BEGIN Source material

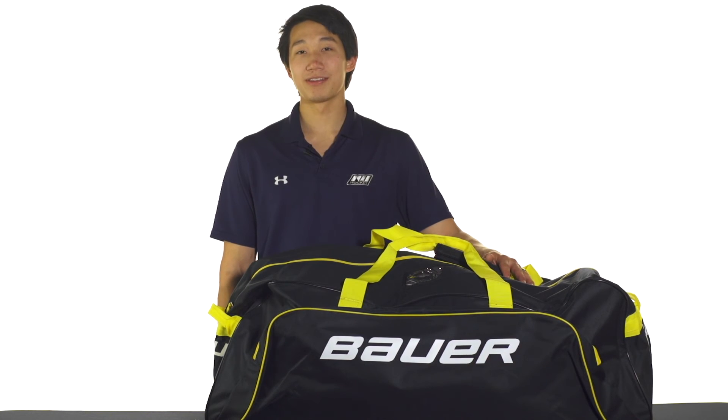For more information on the Bauer S14 Core Carry Hockey Bag, make sure you check it out at inlineandicewarehouse.com.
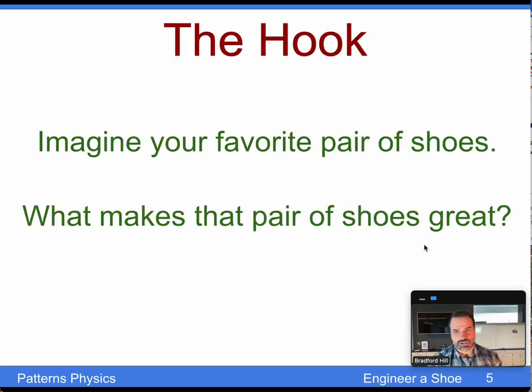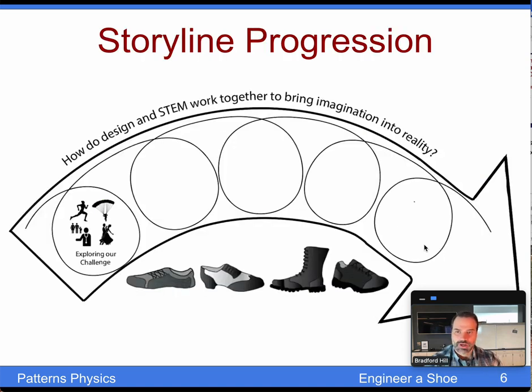The hook is simple, and many people report it as effective: Imagine your favorite pair of shoes — what makes them great? This is something that gets students talking, and almost everyone has an opinion.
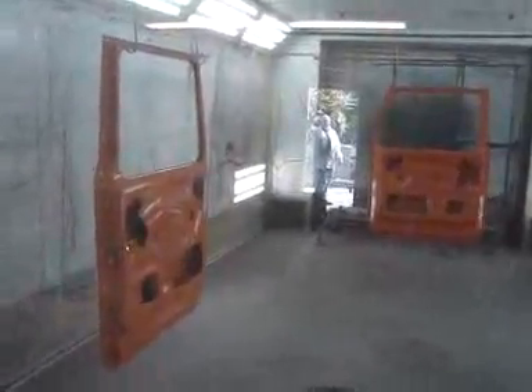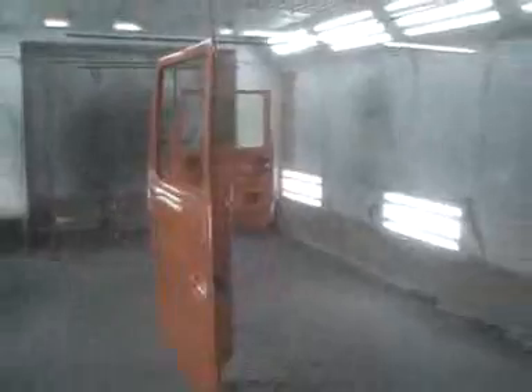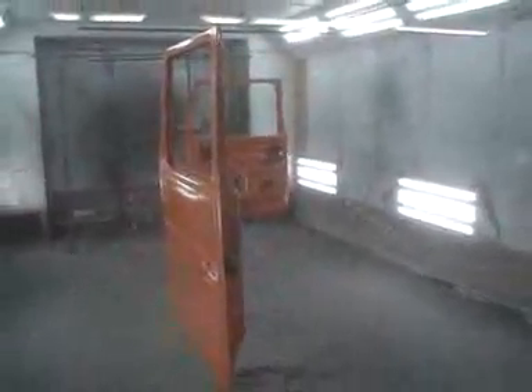Here are our doors. They are going into paint. Right now we're putting the base coat on and then he'll do the clear.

END Source material

* **Description of the task**
Up to and including the last line of the listing, starting at the line with "The hook is", extract every line exactly and leave out the pictures.

* **Result of this task**
The hook is simple, and many people report it as effective: Imagine your favorite pair of shoes — what makes them great? This is something that gets students talking, and almost everyone has an opinion.
Here are our doors. They are going into paint. Right now we're putting the base coat on and then he'll do the clear.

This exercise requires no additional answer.